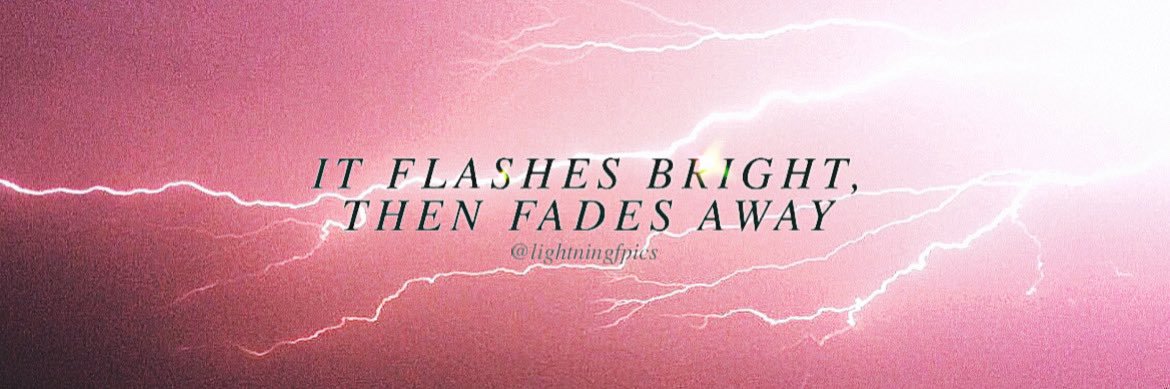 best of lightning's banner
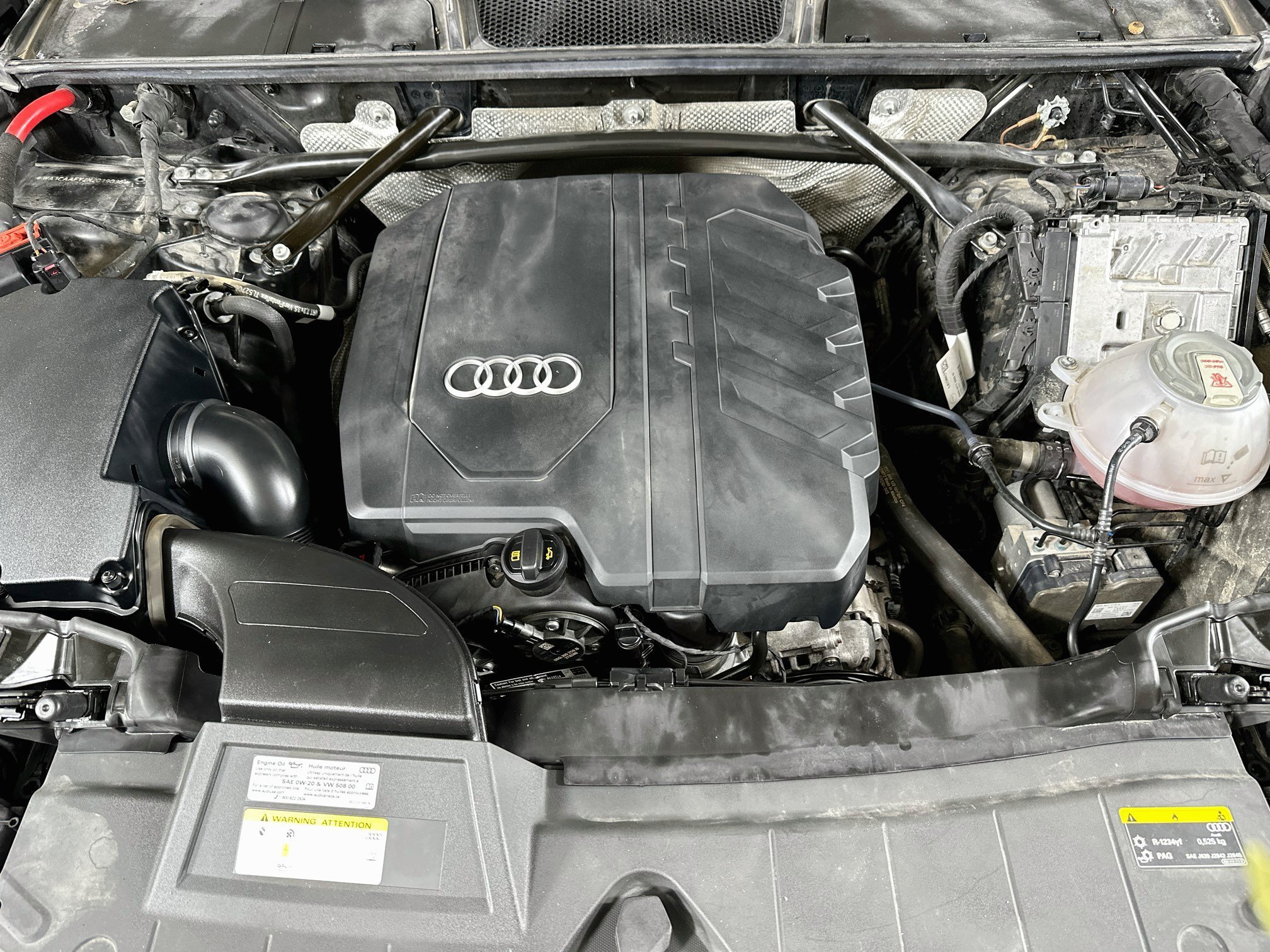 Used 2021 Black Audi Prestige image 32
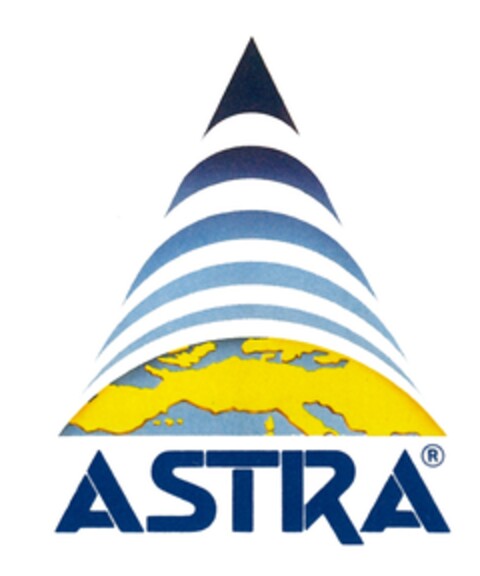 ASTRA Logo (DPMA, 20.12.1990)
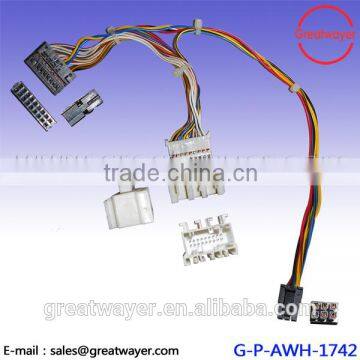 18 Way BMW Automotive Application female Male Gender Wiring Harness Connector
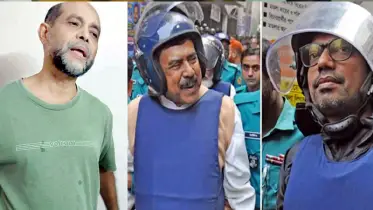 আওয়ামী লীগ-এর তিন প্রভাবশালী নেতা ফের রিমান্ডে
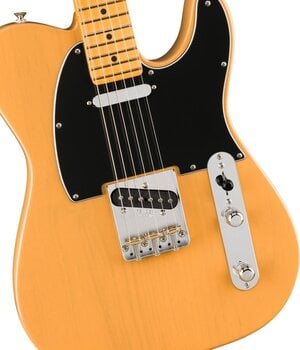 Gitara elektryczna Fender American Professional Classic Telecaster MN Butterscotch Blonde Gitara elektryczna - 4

- TASK TO COMPLETE:
Starting with the line that holds "18 Way BMW Automotive", retype each line through the last one in the listing above, exactly as written. Do not copy any pictures.

- PROBLEM SOLUTION:
 18 Way BMW Automotive Application female Male Gender Wiring Harness Connector
 আওয়ামী লীগ-এর তিন প্রভাবশালী নেতা ফের রিমান্ডে
 Gitara elektryczna Fender American Professional Classic Telecaster MN Butterscotch Blonde Gitara elektryczna - 4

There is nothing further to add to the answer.